We also need to manage our expectations about the vaccine overall. Yvonne Maldonado, a university administrator and a professor in Stanford Medicine’s division of pediatric infectious diseases, said that we need to remind ourselves that, from the beginning, the goal for the public health system in its fight against Covid “was not to prevent every runny nose or respiratory symptom, but to stop hospitalization and stop death and reduce the strain on our health care system.” From that perspective, the vaccine has been quite successful.

Maldonado, who is working with Pfizer on the pediatric vaccine trials at Stanford, also said we should reframe our ideas about the effectiveness of the vaccine. “When we started the trials back in the dark days of spring and summer 2020, we were hoping to have a vaccine that was 50 percent effective,” she said. When the initial results of the vaccine trials reported that the Moderna and Pfizer-BioNTech vaccines were over 90 percent effective, it was seen as something of a miracle. But it also heightened our expectations.

Furthermore, Maldonado emphasized that the most important thing about the vaccines is that they’re safe. Many parents have asked me why kids 5-11 don’t just get the same dose as kids 12-17, or why children 2-4 can’t get approved for the same doses that 5-year-olds are currently receiving. Maldonado said that with bigger doses, there were more side effects in pilot trials, particularly high fevers.

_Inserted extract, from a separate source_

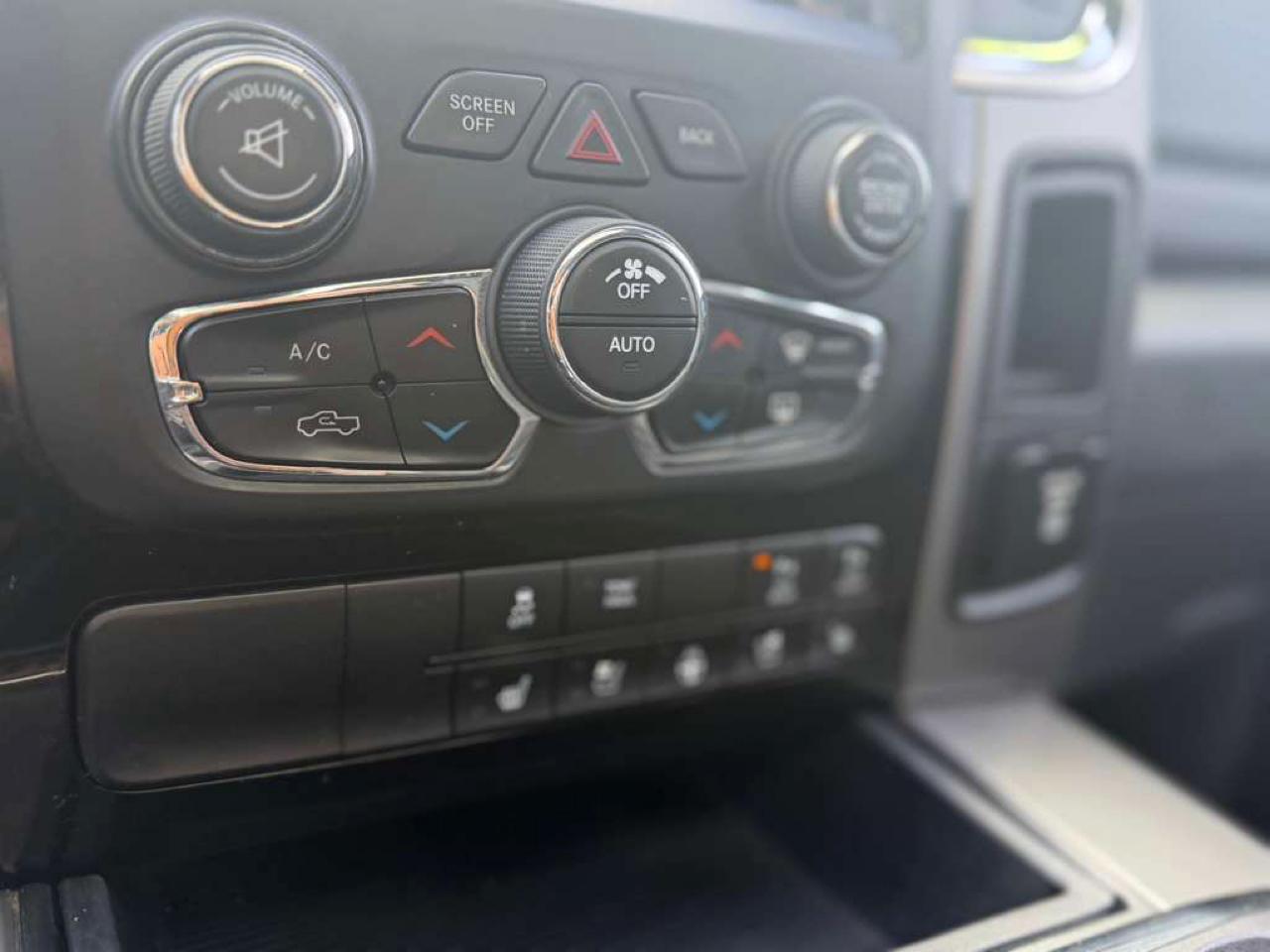 RAM 1500 Sport 4x4 Crew Cab 5'7" Box 2014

She’s part of the team working on a three-dose trial for children under 5. It looks as if a third dose may be in the future for children 5-11 as well, said Dr. Sean O’Leary, a pediatric infectious disease specialist at the University of Colorado Denver. “We’ve recognized in adults this may be more of a three-dose series anyway, so it may be in the future the third dose is going to be the recommendation,” he said. Many of the common vaccines our children get at their yearly well visits require three or more doses. over a series of years. We just don’t think about it because it’s baked into the system, and most people having children now didn’t see those vaccines developed in real time, as our parents, or perhaps grandparents, did with polio.

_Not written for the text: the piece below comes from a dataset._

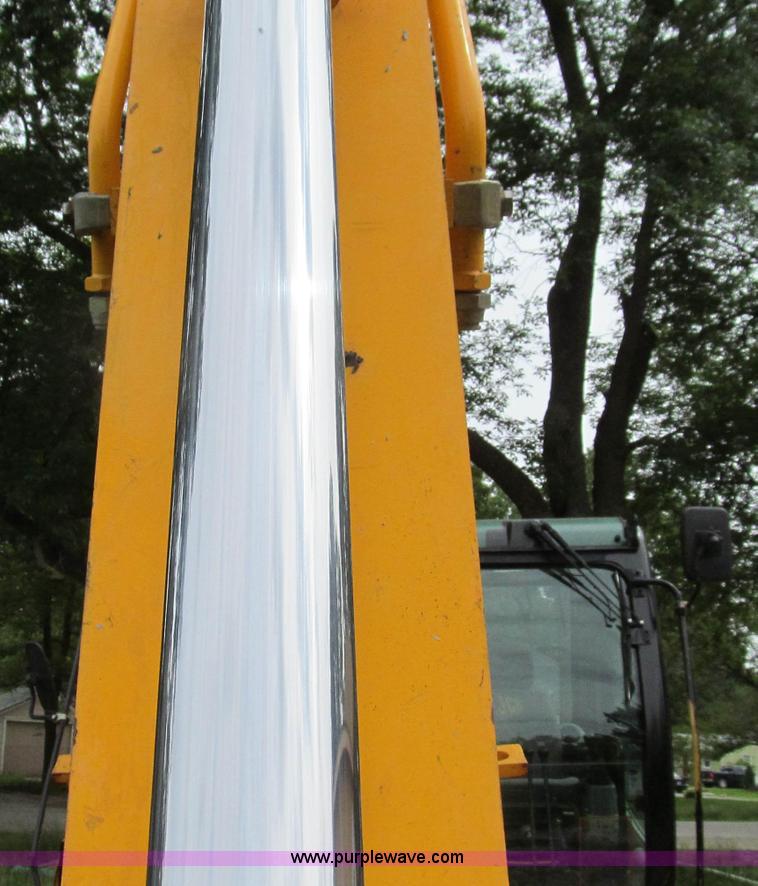 image for item E3978 2005 JCB JS160NC excavator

Parents of unvaccinated preschoolers may feel particularly anxious in this moment, as masks are coming off, but O’Leary said we’re not even where we were six months ago in terms of risks, because we have a fairly high level of overall population immunity from a combination of infections and a pretty high level of vaccination — as of this writing, 76 percent of the population has at least one dose. Additionally, in much of the country, case rates are lower than they’ve been in months. Of course, Covid still poses some risks to kids, but at this moment, “it’s also in line with a lot of the other risks we as parents deal with all the time and don’t even think about.”

Besides, we can’t pretend that there’s no cost to mask wearing, Carroll said. For one, there’s an actual economic cost — high quality masks are expensive — and many children find them irritating or distracting. It’s too soon to say what the educational costs are, especially for younger children, but a study from Harvard’s Graduate School of Education found, “On average, early educators spent 57 minutes per day introducing and reinforcing hygiene protocols with children,” which included mask wearing and hand washing. That’s almost a full hour a day of education that could have been spent doing something else.

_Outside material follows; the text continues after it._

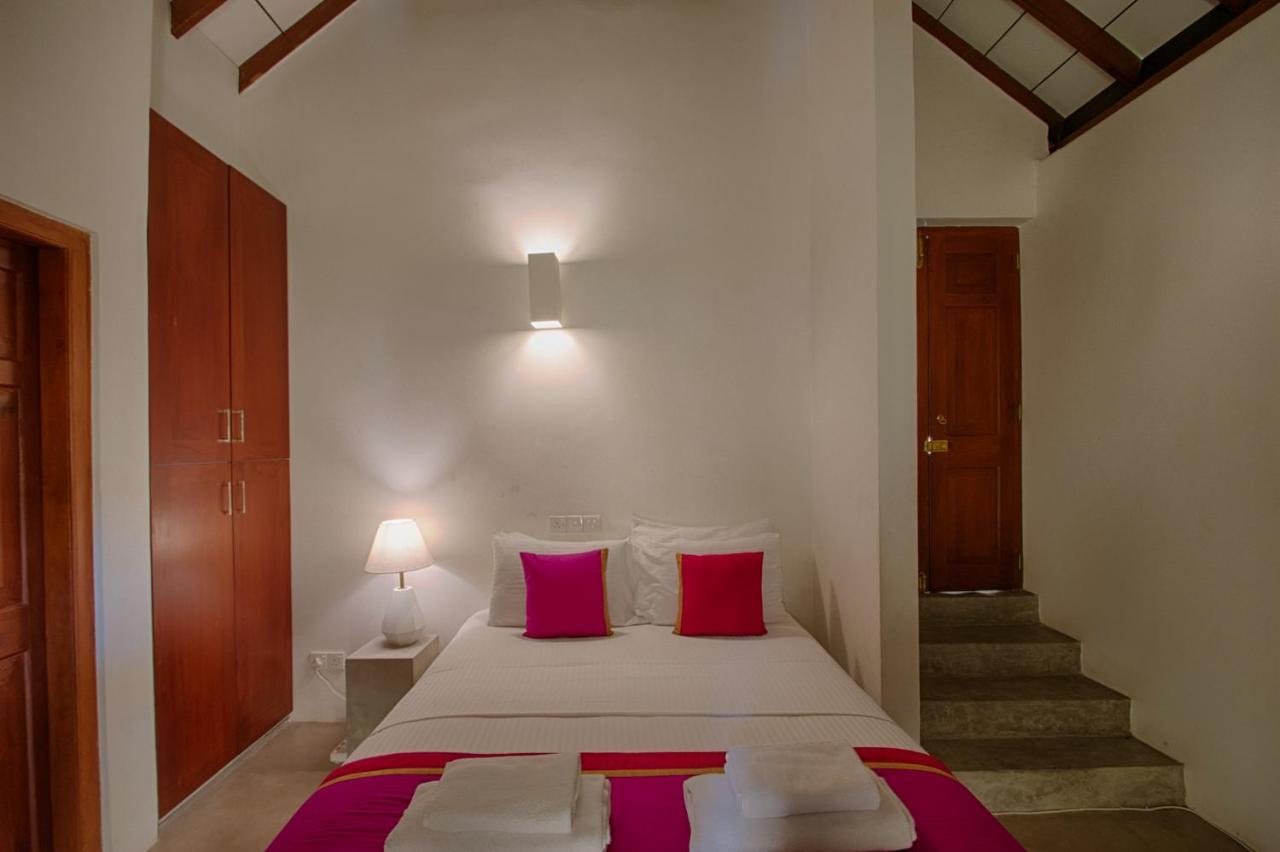 Bed and Breakfast Om Shambhala Colombo Exterior foto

All that said, and even though it seems reasonable to drop mask mandates, we still have to be mindful of immunocompromised children, for whom a case of Covid, or any other respiratory virus like RSV, for that matter, is much more serious. Carroll put it this way: “I don’t want to mask forever, but I have no problem carrying a mask forever.” He added that if he were in an indoor meeting with someone who was immunocompromised, he would absolutely put on a mask for their comfort.

O’Leary cautions against declaring premature victory, even as many of us are happily shedding our masks in many situations. The virus has been unpredictable, and we may need to mask again some day. “Enjoy things while they’re low,” and get your kids vaccinated when they’re able to be, O’Leary said.